GOAL OF THE EXERCISE:
Reproduce the records that follow in full, excluding any picture they contain.

[Scraped caption text data]
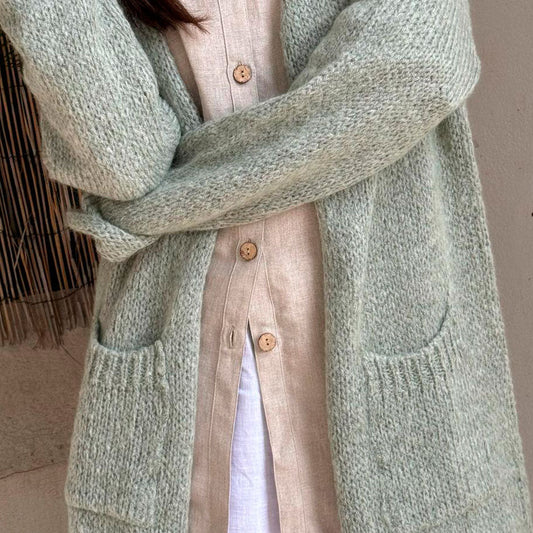CARDIGAN, SLOWLY MORNING - DANISH GREEN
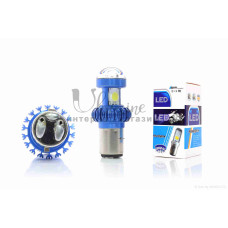 Лампа фари діодна H6 (BA20D) 12V 35/35W 2 кристали "LED"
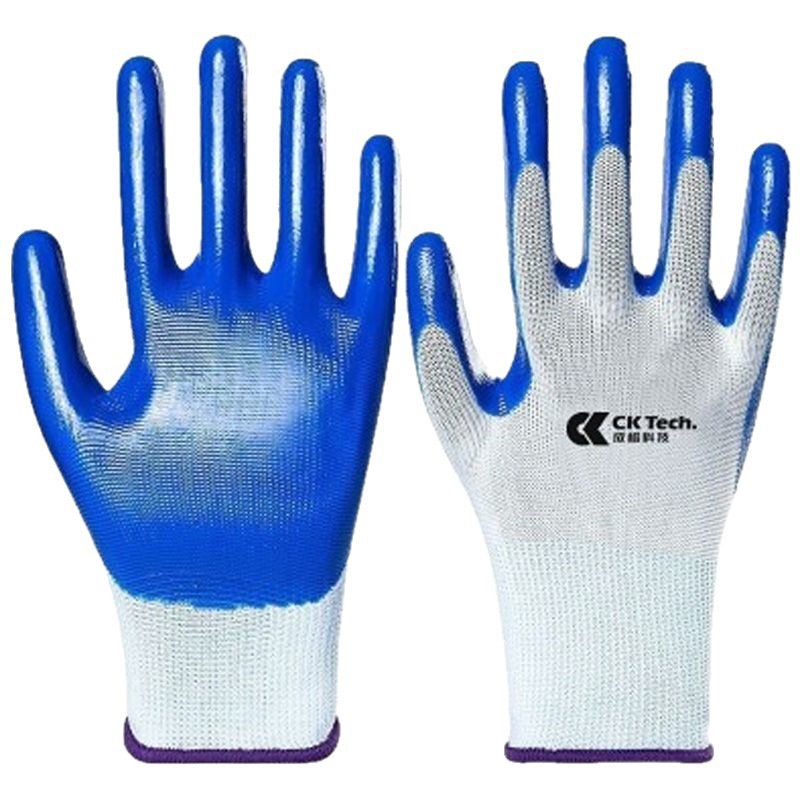Guantes al por mayor, guantes de protección laboral, guantes de nitrilo resistentes al desgaste, guantes de nitrilo y látex antideslizantes para trabajos de construcción, guantes de goma.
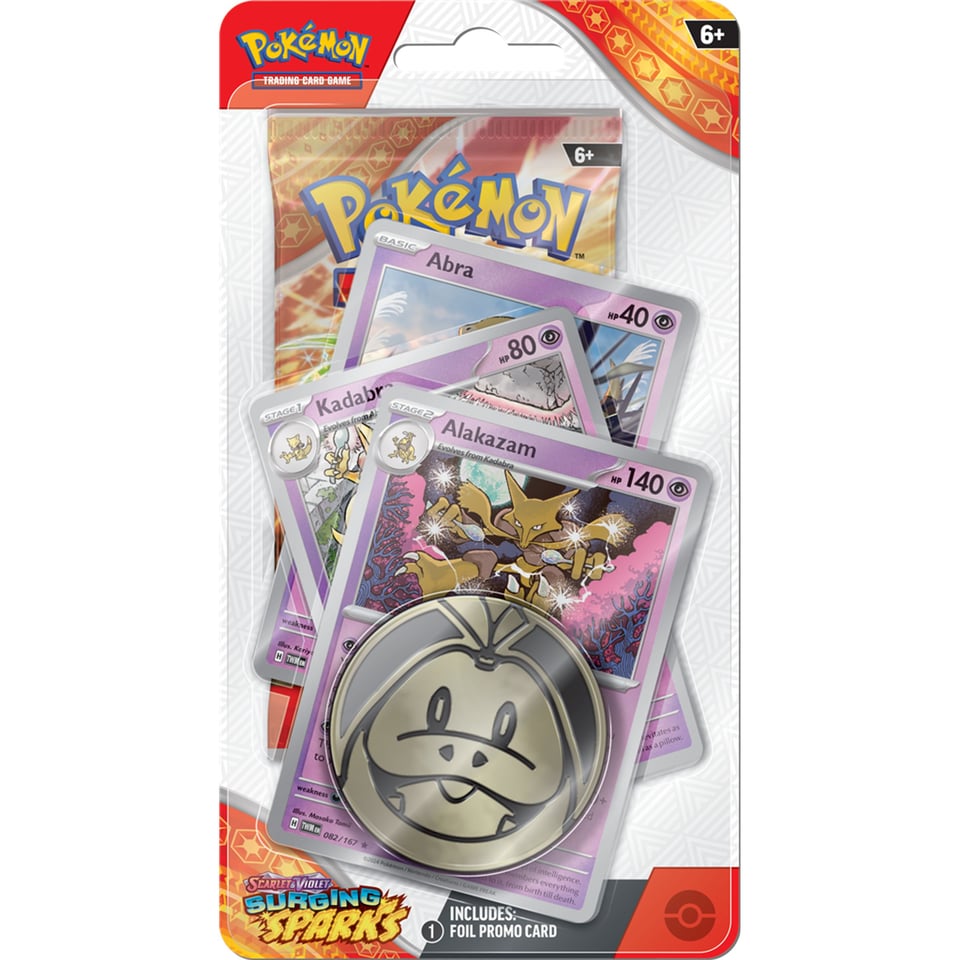 Pokémon Scarlet & Violet Surging Sparks Premium Checklane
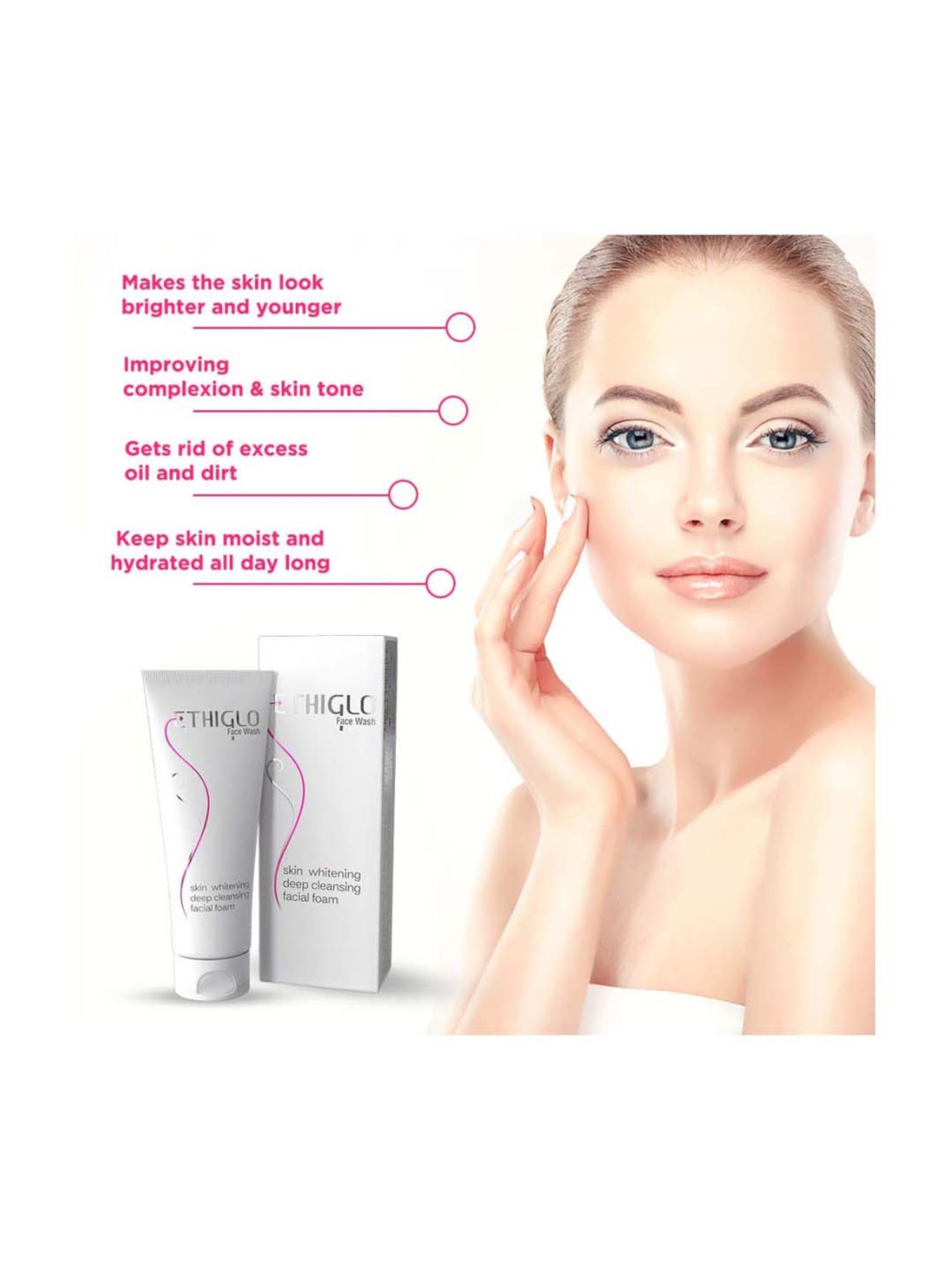 Ethiglo Skin whitening Face Wash - Pack of 4 (70 ml Each)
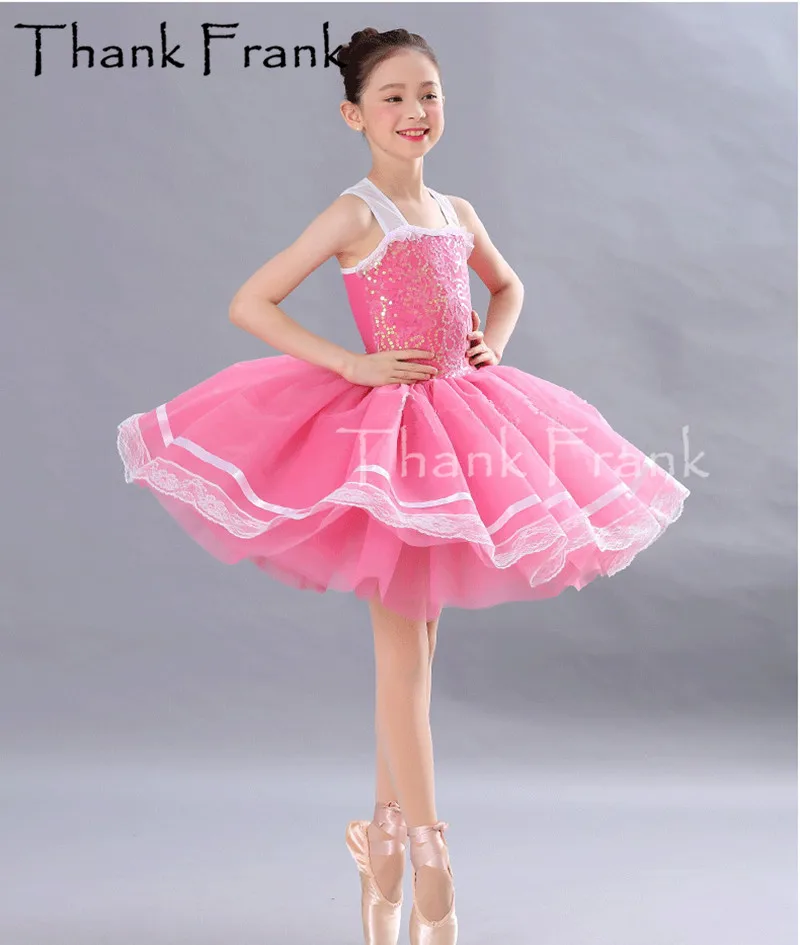 Sequin Ballet Costumes Dress For Children Dancewear Lyrical Adulto Professional Tutu Bubble Ballet Skirt Classical Balett Girl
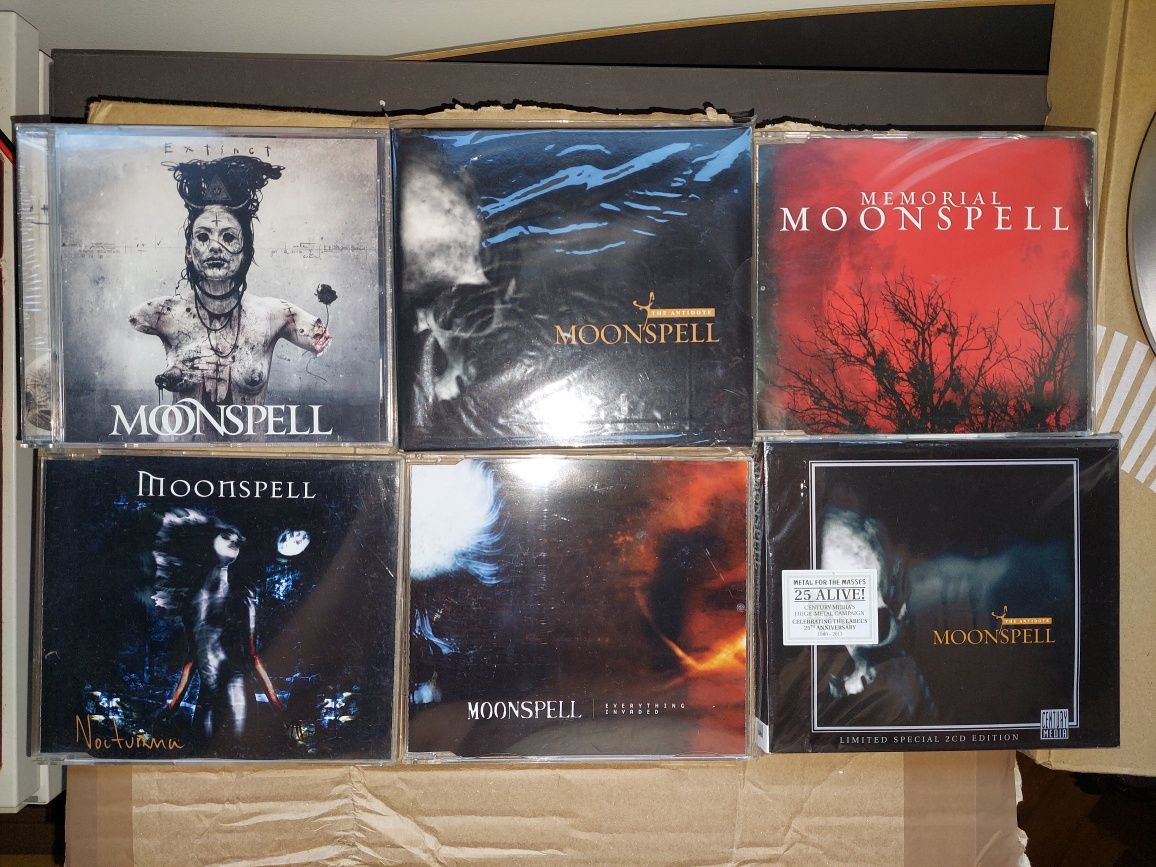 Moonspell colecção cds black metal gothic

PROBLEM SOLUTION:
CARDIGAN, SLOWLY MORNING - DANISH GREEN
 Лампа фари діодна H6 (BA20D) 12V 35/35W 2 кристали "LED"
Guantes al por mayor, guantes de protección laboral, guantes de nitrilo resistentes al desgaste, guantes de nitrilo y látex antideslizantes para trabajos de construcción, guantes de goma.
 Pokémon Scarlet & Violet Surging Sparks Premium Checklane
 Ethiglo Skin whitening Face Wash - Pack of 4 (70 ml Each)
 Sequin Ballet Costumes Dress For Children Dancewear Lyrical Adulto Professional Tutu Bubble Ballet Skirt Classical Balett Girl
 Moonspell colecção cds black metal gothic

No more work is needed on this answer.